Présentation du livre
« L’Eglise en question », nous parle d’une expérience de réelle coresponsabilité vécue, pendant douze ans, dans une paroisse de la banlieue parisienne par un prêtre et une théologienne laïque partageant l’animation de la communauté. Les fidèles organisent
un « Groupe de concertation », s’expriment et participent aux orientations et aux décisions.
Le Père Joseph Moingt est venu les accompagner à la demande de Michel. Il était présent tout au long des douze ans qu’a duré cette expérience, mais n’imposait rien, et même ne se considérait pas comme leur « conseiller ». Il était dans l’esprit d’ouverture de l’époque : le théologien voulait sortir d’une vie recluse pour « regarder, écouter, sentir le nouveau cours des choses ».

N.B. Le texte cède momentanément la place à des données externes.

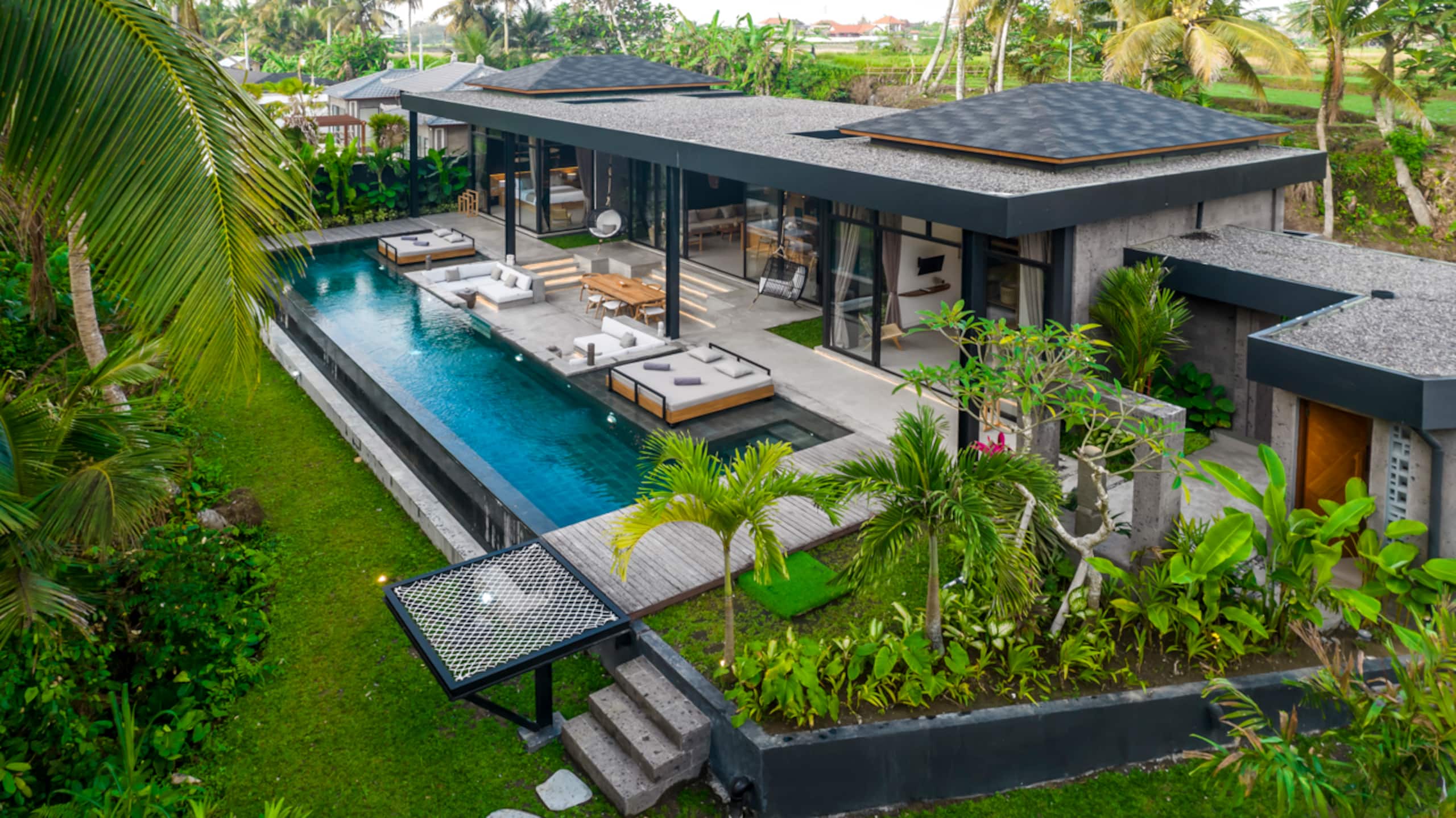 Homala 2BR Cliffside Luxury Villa w/ Infinity Pool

Les expériences que nous présente ce livre montrent ce qu’aurait pu être une Eglise ouverte sur son temps, une Eglise inclusive. Il nous fait ressentir aussi la brutale fermeture due à la politique de Jean-Paul II. On y voit aussi comment cette Eglise est capable d’abandonner sans secours ceux qui sont à son service mais qu’elle rejette, et quelle souffrance elle peut infliger à ceux qui préfèrent l’Evangile à la discipline ecclésiastique. Pourtant aucun des deux protagonistes ne renie l’Eglise, même si, après réflexion, Christine Fontaine en donne une acception plus porteuse d’avenir que le repli identitaire.

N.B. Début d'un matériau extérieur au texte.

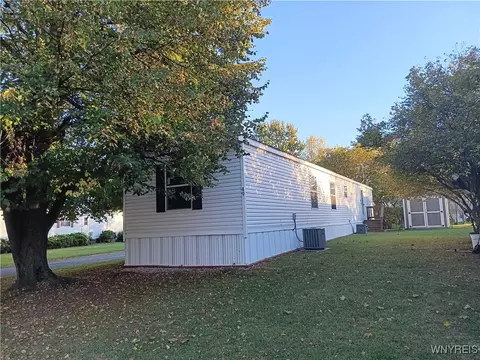 49 Sandybrook Dr, Hamlin, NY 14464 photo 3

Joseph Moingt a préfacé ce livre : il explique le regard nouveau qu’il avait porté à cette époque sur la manière dont les fidèles catholiques vivaient leur foi, au milieu du monde, et dont l’Eglise pouvait être un espace de vie et de partage fraternels. La vie de Michel Jondot, les expériences qui sont relatées dans ce livre, les réflexions, tant celles de Michel que de Christine, sont d’une actualité saisissante. Elles méritent d’être connues, pour maintenant et pour la suite.
Prologue par Christine Fontaine
Une histoire de coresponsabilité réelle entre prêtre et laïcs
Ce livre propose un regard sur presque un demi-siècle du catholicisme en France à partir d’une expérience très limitée : celle d’un prêtre en région parisienne – Michel Jondot – et la mienne, laïque et théologienne.
Michel Jondot est né en 1932 et décédé en juin 2019. Il a été ordonné prêtre en 1961, à la veille du Concile Vatican II. Il fut vicaire, professeur dans deux séminaires, aumônier de lycées et collèges, curé d’une paroisse puis chargé pour le diocèse de Nanterre du dialogue islamo-chrétien. Il était le premier à reconnaître que ces engagements n’avaient rien d’exceptionnel, même si l’on ajoute qu’il fut docteur en théologie et devint spécialiste de l’islam. Sa vie serait une vie bien ordinaire si elle ne représentait pas un certain style : celui d’une Église qui se fait conversation. En 1964, le pape Paul VI écrivait : « L'Église doit entrer en dialogue avec le monde dans lequel elle vit. L'Église se fait parole ; l'Église se fait message ; l'Église se fait conversation. » La conversation représentait pour Michel un art de vivre, de s’écouter et de se parler. En un mot de communiquer. Un dialogue suppose que l’on n’exerce sur l’autre aucune volonté de puissance. Michel était l’ennemi de tout paternalisme.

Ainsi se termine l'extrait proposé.